After the war, Smith returned to Waynesboro and established himself as a graphic artist. He freelanced in advertising, illustration and book design, set up a private press, and issued his first book in 1925. That same year he moved to Richmond, Virginia where he worked as an artist for Whittet & Shepperson, a local printing firm. In 1929 he taught art at the Richmond Division of the College of William and Mary. Smith became chair of the art department at Bennington College in Vermont in 1936 where he taught until 1947. He moved back to Virginia and taught at the University of Virginia from 1947 until his retirement in 1963 and was the first chairman of the art department.
Smith learned how to use gouges and chisels from his father, a patternmaker for local industries. Early in his career he turned to linoleum block printing. He explained in his 1926 book, “Linoleum Block Printing,” that the basic techniques for linoleum block and wood block were similar. The artist transferred his design to the block and then cut the design in relief. Areas not to be printed were cut away. The difference lay in the inability of the linoleum to permit fine lines or much detail. Linoleum blocks produced prints with large areas of color and minimal lines.
Smith also was an accomplished book designer. His books include “Linoleum Block Printing,” “Old Virginia in Block Prints,” “Old Charleston” [chosen as one of fifty books of the year for 1934], “The University of Virginia, “Blowing Bubbles,” “Abstractions,“ and “Experiments in Relief Print Making.” Smith created a method of block painting to explore abstract forms. He published two books of his block paintings, “Animal Fare” and “My Zoological Garden.”
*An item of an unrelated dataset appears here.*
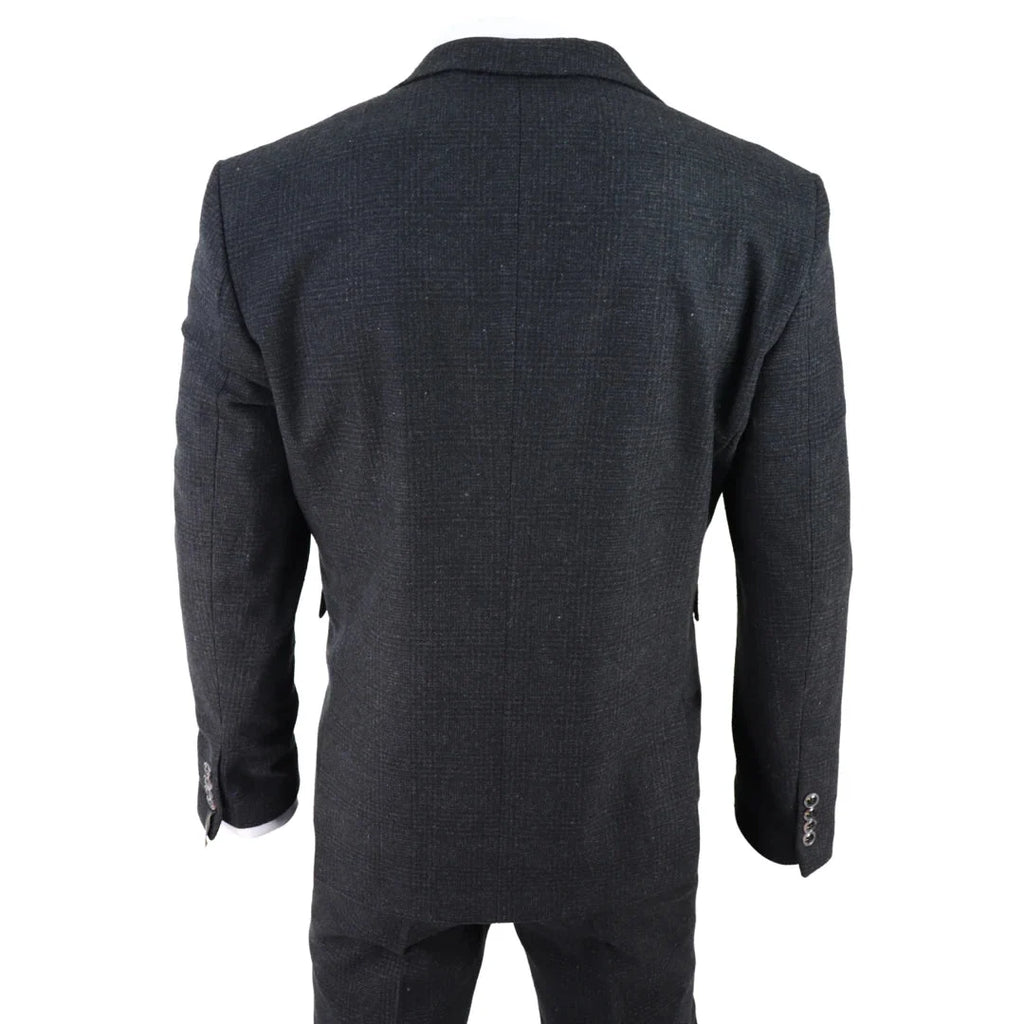 AK-11 - Men's Black Tweed 3 Piece Suit Check 1920s Gatsby Blinders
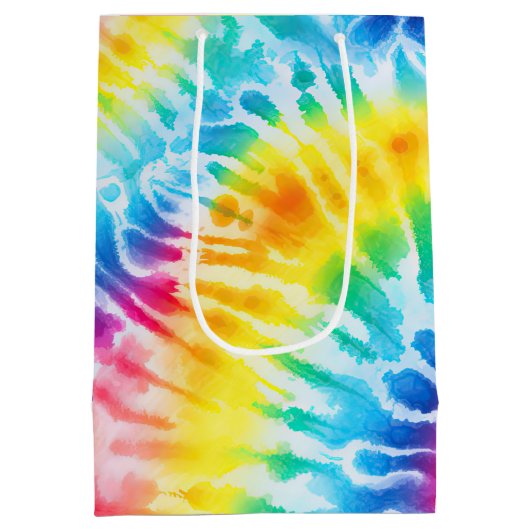 アクアブルーレッドイエローオレンジ絞り染め誕生日 ミディアムペーパーバッグ (裏面)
Solo exhibitions of Smith’s work were mounted at the Montclair Art Museum; Bennington College; Gallery of Fine Arts, Yale University; Art Institute of Chicago; Virginia Museum of Fine Arts; Detroit Institute of Arts; Akron Art Institute; High Museum; and the San Francisco Museum of Art. His works are represented in the Art Institute of Chicago, Illinois; the Yale University Art Gallery, New Haven, Connecticut; the Virginia Museum of Fine Arts, Richmond; the National Gallery of Art and the Smithsonian American Art Museum, Washington, D.C.
Charles William Smith died in Charlottesville in March of 1987.